The plaintiffs are mother Rochelle Anderson of Little Rock and her juvenile son, a student in the LRSD, named here as “Anthony Doe.” According to the lawsuit, he “has been suspended and arrested at school, with a pending charge in the Pulaski County juvenile system. He has experienced repeated exclusionary discipline and classroom removals for non-criminal behavior.”
The named defendants are Michael Poore in his official capacity as superintendent of the LRSD; Lauran Robertson, Robert Bonnette, Jr., Martha Carder and Roger Rasico, Jr., in their official capacities as Pulaski County Juvenile Intake officers; and Pulaski County.
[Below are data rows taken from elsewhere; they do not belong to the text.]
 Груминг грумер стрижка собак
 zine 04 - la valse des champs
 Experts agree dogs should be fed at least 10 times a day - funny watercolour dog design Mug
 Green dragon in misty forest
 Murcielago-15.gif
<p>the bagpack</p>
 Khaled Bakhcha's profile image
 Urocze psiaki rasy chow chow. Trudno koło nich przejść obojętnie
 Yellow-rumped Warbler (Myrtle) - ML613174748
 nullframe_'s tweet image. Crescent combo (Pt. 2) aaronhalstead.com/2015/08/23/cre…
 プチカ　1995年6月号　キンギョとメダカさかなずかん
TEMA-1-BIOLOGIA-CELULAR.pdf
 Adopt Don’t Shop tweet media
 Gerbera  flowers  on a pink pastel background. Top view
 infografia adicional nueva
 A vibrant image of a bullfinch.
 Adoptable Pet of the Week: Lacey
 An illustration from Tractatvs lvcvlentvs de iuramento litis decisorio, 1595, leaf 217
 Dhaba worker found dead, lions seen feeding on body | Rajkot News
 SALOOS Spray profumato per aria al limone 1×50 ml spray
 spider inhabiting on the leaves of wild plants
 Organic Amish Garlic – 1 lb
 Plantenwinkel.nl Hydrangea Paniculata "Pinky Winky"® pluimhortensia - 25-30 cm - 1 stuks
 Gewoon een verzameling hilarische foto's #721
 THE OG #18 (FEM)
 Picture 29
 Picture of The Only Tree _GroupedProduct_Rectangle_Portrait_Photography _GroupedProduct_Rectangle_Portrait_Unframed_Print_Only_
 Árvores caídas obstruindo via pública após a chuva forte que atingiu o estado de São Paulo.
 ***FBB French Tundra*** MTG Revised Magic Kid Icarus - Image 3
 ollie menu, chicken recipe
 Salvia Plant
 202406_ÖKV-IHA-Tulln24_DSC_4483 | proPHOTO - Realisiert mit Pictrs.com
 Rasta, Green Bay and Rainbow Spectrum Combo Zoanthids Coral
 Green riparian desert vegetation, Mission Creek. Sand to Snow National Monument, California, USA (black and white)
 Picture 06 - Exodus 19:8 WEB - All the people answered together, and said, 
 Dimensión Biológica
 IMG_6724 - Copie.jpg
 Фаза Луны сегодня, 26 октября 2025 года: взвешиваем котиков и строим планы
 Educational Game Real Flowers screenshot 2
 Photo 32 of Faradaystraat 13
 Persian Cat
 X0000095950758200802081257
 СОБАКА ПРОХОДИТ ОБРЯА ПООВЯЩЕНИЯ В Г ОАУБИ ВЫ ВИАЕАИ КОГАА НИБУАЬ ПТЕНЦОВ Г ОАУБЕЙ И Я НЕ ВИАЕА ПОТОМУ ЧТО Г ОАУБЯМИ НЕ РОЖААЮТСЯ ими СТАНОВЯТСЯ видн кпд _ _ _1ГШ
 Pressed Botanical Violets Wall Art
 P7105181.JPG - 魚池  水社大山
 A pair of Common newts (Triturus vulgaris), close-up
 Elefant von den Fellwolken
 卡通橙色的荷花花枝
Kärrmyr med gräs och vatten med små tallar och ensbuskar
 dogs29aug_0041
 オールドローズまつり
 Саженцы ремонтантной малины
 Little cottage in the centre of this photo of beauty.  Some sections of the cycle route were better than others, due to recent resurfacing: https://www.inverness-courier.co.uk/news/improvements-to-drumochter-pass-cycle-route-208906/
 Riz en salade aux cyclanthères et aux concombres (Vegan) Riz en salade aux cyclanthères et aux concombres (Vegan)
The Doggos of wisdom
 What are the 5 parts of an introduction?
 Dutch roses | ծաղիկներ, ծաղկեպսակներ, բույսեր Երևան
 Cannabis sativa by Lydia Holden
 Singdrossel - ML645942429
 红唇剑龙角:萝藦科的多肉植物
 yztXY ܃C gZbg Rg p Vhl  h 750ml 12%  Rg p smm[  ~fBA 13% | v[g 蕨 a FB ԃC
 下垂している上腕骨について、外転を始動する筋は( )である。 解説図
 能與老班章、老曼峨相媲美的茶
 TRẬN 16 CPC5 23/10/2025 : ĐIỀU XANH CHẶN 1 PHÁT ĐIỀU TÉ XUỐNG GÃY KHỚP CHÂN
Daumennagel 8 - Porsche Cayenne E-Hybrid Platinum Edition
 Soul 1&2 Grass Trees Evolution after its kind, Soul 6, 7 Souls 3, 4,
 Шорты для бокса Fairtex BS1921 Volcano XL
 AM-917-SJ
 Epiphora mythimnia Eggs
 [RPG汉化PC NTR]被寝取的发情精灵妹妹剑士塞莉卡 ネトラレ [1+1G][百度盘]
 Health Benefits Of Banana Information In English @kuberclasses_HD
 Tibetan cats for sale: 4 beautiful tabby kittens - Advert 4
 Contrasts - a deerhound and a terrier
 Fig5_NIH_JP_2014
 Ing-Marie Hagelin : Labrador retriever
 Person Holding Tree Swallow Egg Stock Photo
The lawsuit runs through a number of statistics regarding school discipline since the state takeover the LRSD. A few examples:
From June to December of 2018, there were 54 school-based arrests at 86.5% African-American Little Rock McClellan and only 5 school-based arrest at 52.1% African-American Little Rock Central, 7 even though the Defendants have long been on notice that over several years prior the likelihood that an out-of-school suspension happened to an African-American student as compared to a Caucasian student was 5.1 times greater.
[I]n the 2018-2019 school year, there were 254 out-of-school suspensions at McClellan High School taking students away from the learning environment. As is expected when students are missing so much instructional time, the school’s Value-Added Growth score was 77.58, indicating students, on average, are losing ground compared to their expected growth in achievement.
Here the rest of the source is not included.